THE purpose of this work is to exhibit clearly and with sufficient fulness the general characteristics of Aryan mythology, as a system which has grown up from words and phrases denoting not one or two objects only, as the sun or moon, but all the phenomena of the sensible world, as they impressed themselves on the minds of primitive men. It has not been my object to give an exhaustive account of the myths of every branch of the Aryan race. To ascribe equal value and interest to the traditions of all the tribes included within the great Aryan family would indeed be absurd. But in the present edition I have given to the Slavonic mythology, and to some other subordinate topics, as much space as the conditions of my subject enabled me to afford.

During the twelve years which have passed since the publication of the first edition, a large amount of solid work has been done within the domain of Comparative Mythology. Of the results so gained probably the most important is the clearer light thrown on the influence of Semitic theology on the theology and religion of the Greeks. This momentous question I have striven to treat impartially; and for my treatment of it I have to acknowledge my obligations to Mr. Robert Brown's valuable researches in the field of the great Dionysiak Myth.

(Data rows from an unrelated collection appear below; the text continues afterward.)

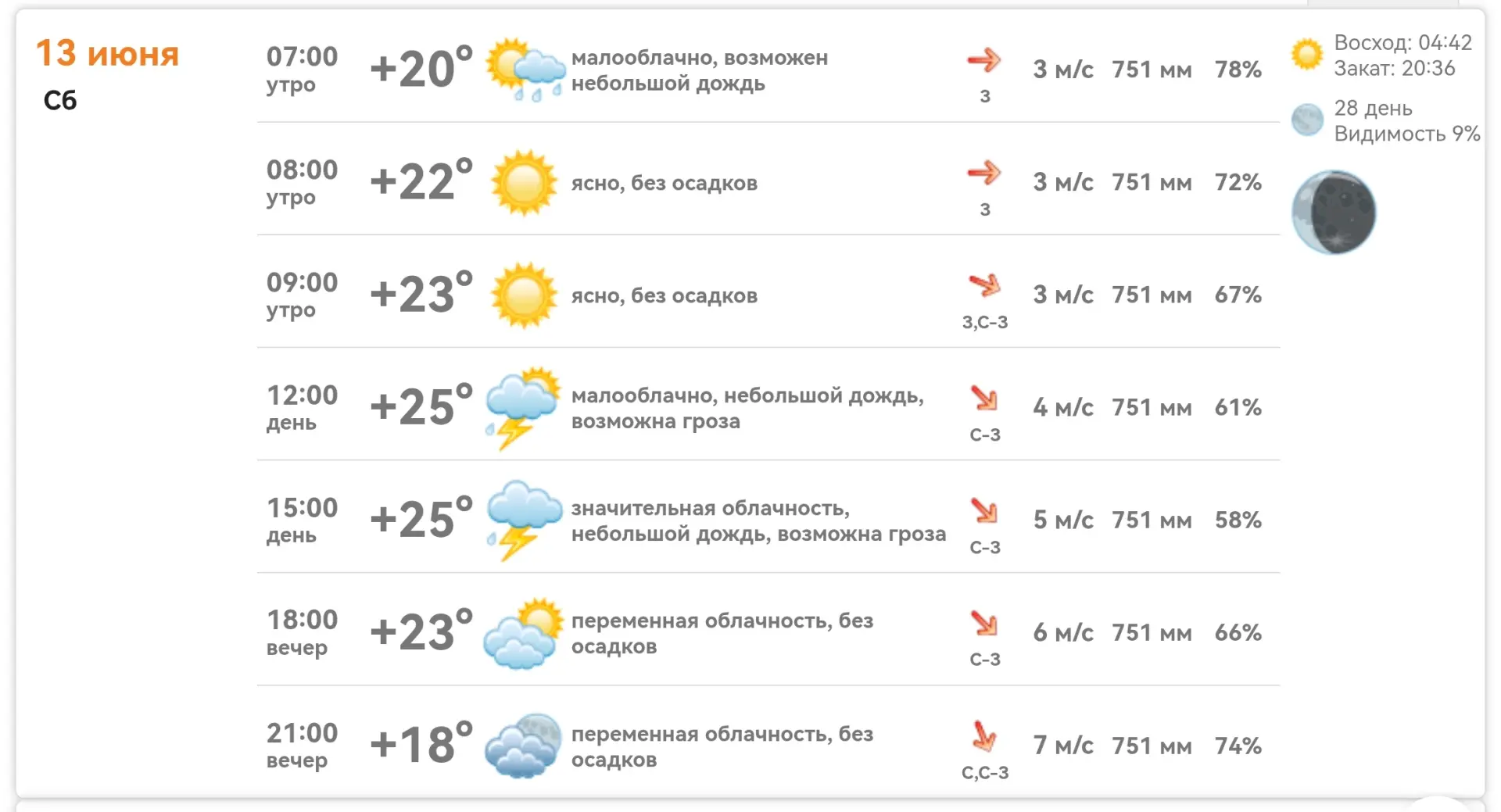 Доброе утро! 

В Михайловке сегодня +20…+25°, утром ясно, после обеда возможен небольшой дождь и гро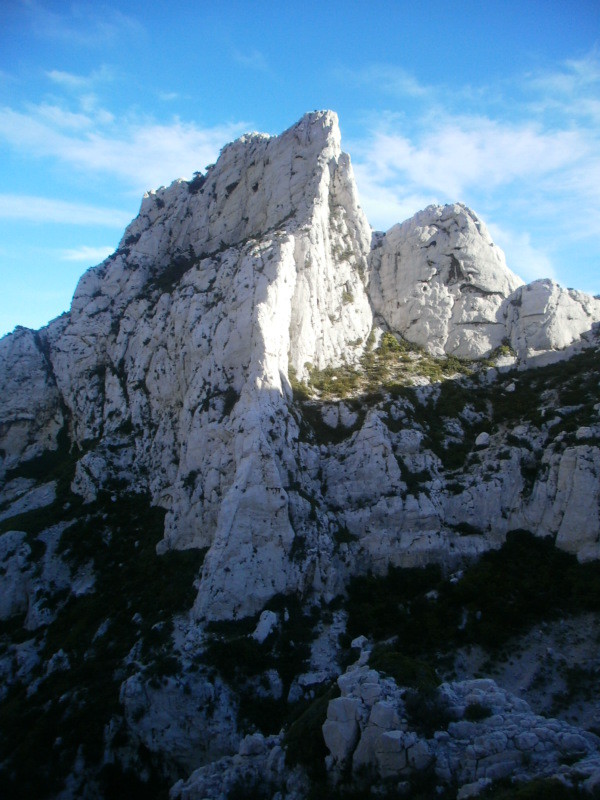 Vue d'ensemble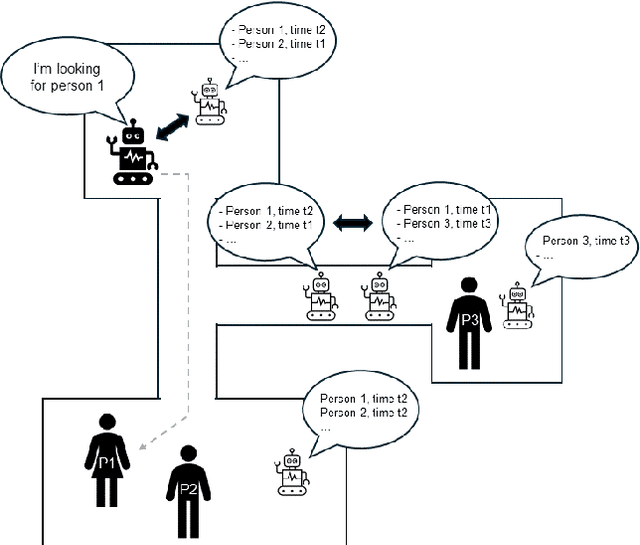 Figure 1 for Leveraging swarm capabilities to assist other systems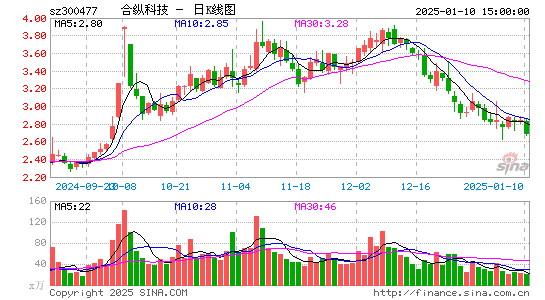 合纵科技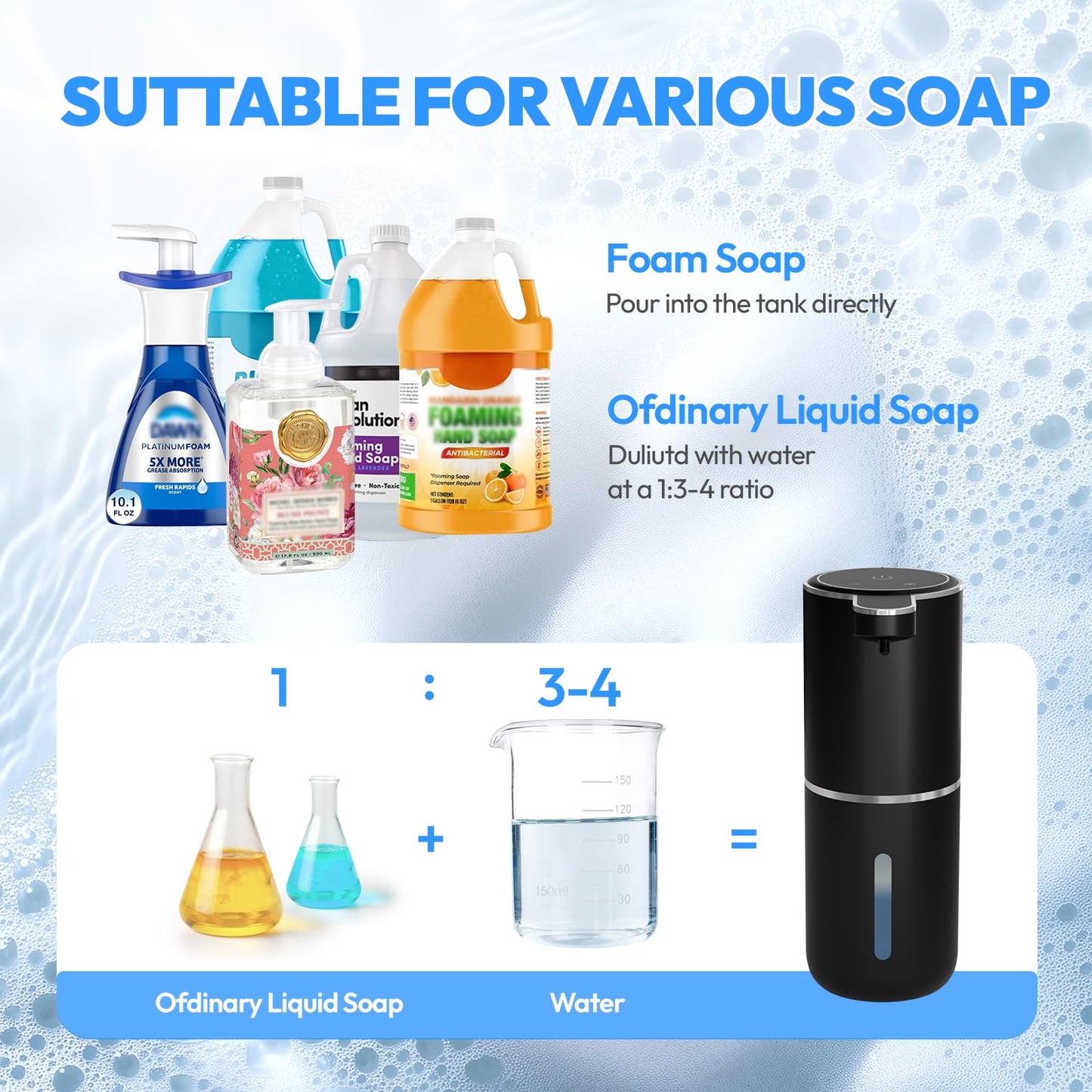 MTYGK Automatic Foaming Soap Dispenser,Touchless Foam Soap Dispenser,12.8oz Rechargeable Wall Mounted Smart for Bathroom and Kitchen Dish Soap,Easy for Toddlers(Black)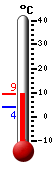 Currently: 6.9&deg;C, Max: 8.6&deg;C, Min: 3.8&deg;C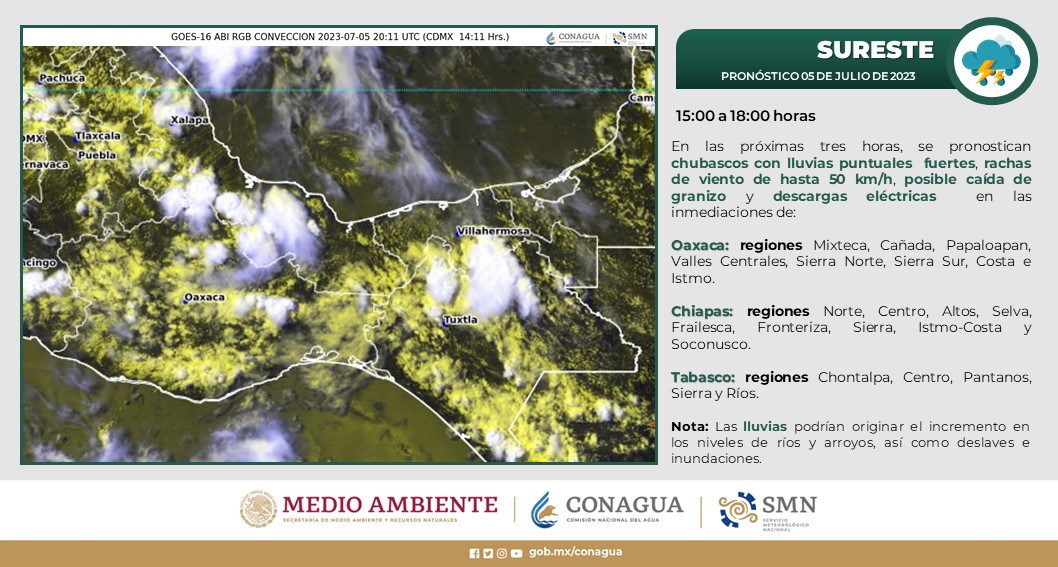 Se pronostican para esta tarde #Chubascos, #Lluvias fuertes, #DescargasEléctricas y posible #Granizo en regiones de #Guerrero, #Veracruz, #Oaxaca, #Chiapas y #Tabasco. Más información, en cada uno de los gráficos
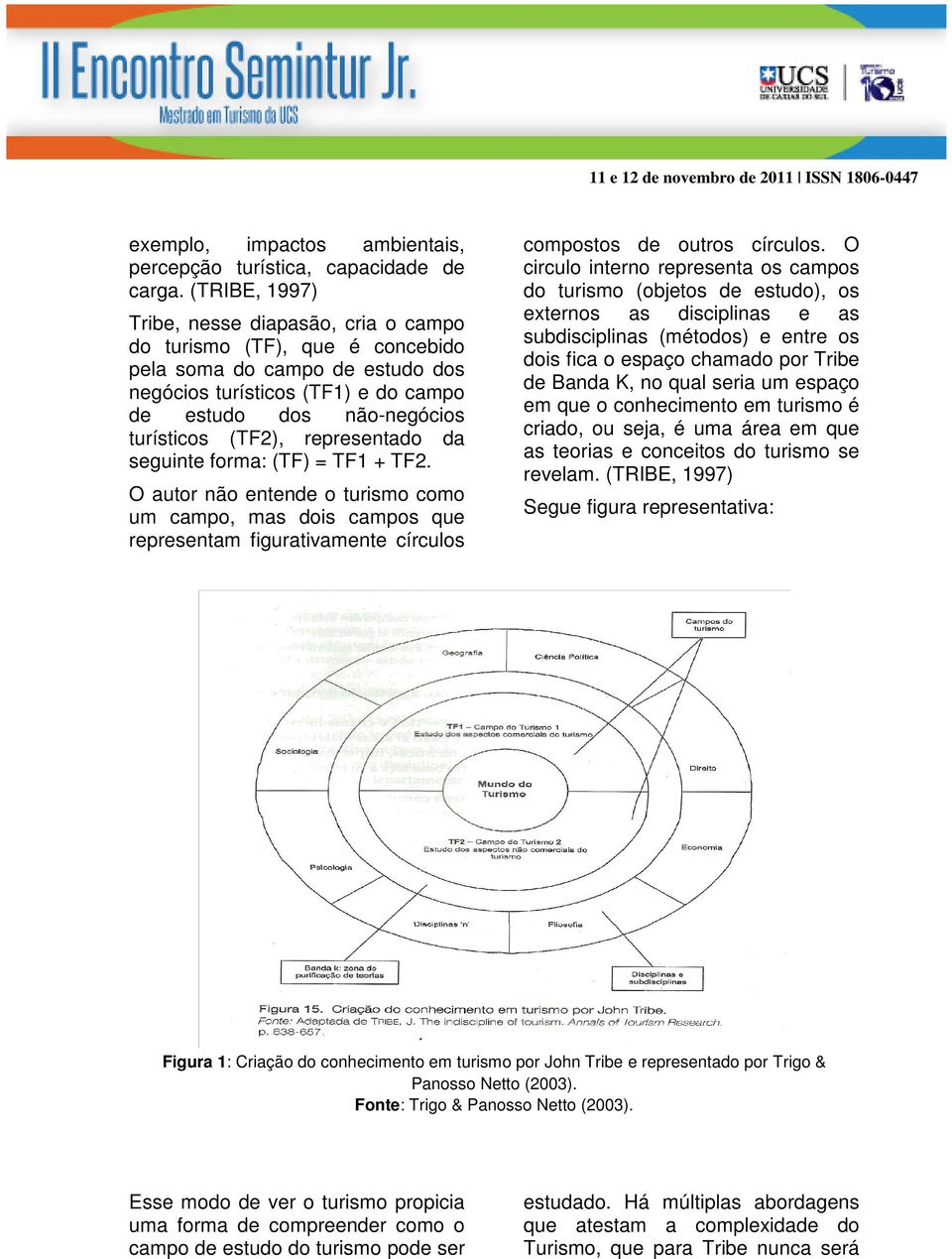 representado da seguinte forma: (TF) = TF1 + TF2. O autor não entende o turismo como um campo, mas dois campos que representam figurativamente círculos compostos de outros círculos.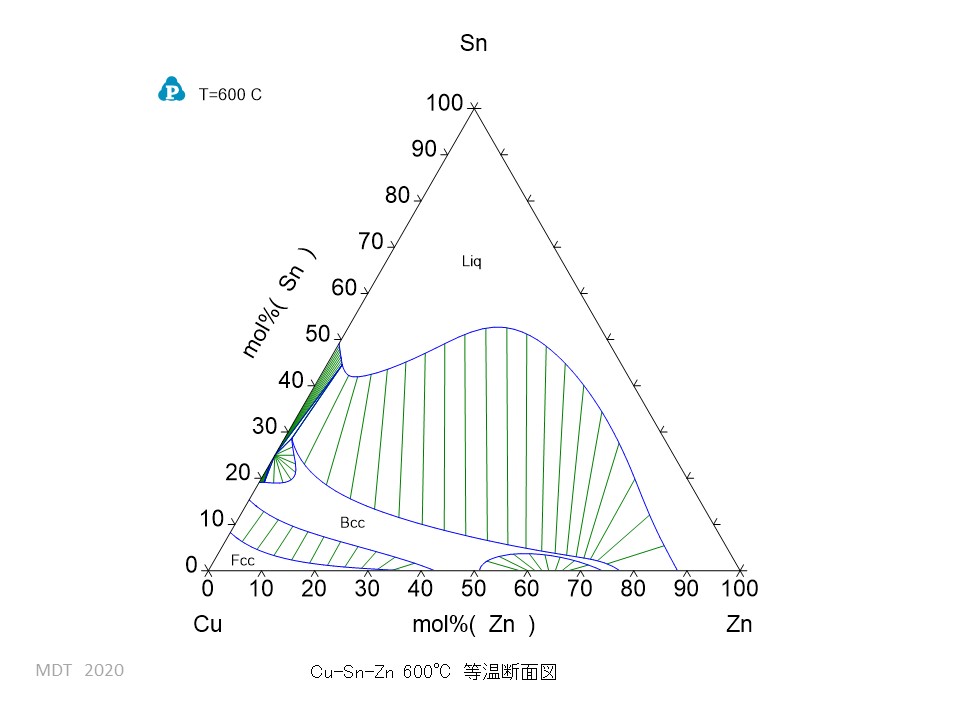 CuSnZn 600 phase Diagram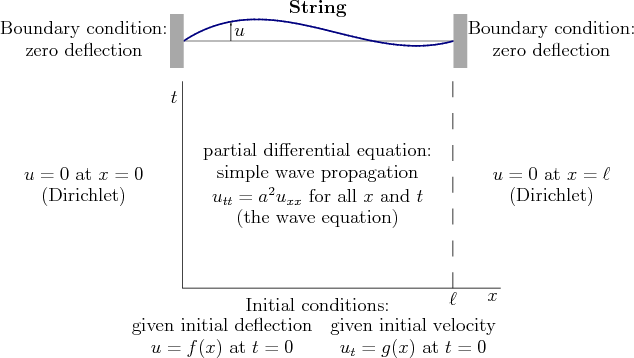 \begin{figure}
\begin{center}
\leavevmode
\setlength{\unitlength}{1pt}
...
...ebox(0,0){$u_t=g(x)$ at $t=0$}}
\end{picture}
\end{center}
\end{figure}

In other respects the course of mythological inquiry, although it has been greatly widened, has not made any serious modifications necessary in the principles by which I have been guided, or in the details of the evidence which have determined the conclusions reached. On the whole, the result has been to strengthen in every way the foundations of the science, and to lay bare more and more clearly the origin and growth of the vast body of Aryan tradition and belief. The examination of the religious systems of Assyria, Phenicia, and Egypt bears out abundantly and precisely just those assertions of Comparative Mythologists which have been most pertinaciously called into question, and has removed beyond the reach of doubt the fact that the mighty mass of popular tradition in every Aryan land has been shaped by words and phrases describing all the varied and complex phenomena of day and night, of summer and winter, of earth and heaven.

April 14, 1882.

PREFACE TO THE FIRST EDITION.

WITH a deep consciousness of its shortcomings, but with a confidence not less deep in the security of the foundations laid by the Science of Comparative Mythology, I submit to the judgment of all whose desire it is to ascertain the truth of facts in every field of inquiry a work on a subject as vast as it is important. The history of mythology is, in a sense far beyond that in which we may apply the words to the later developements of religious systems, the history of the human mind; and the analysis which lays bare the origin and nature of Iranian dualism, and traces the influence of that dualism on the thought and philosophy of other lands, must indefinitely affect our conclusions on many subjects which may not appear to be directly connected with it.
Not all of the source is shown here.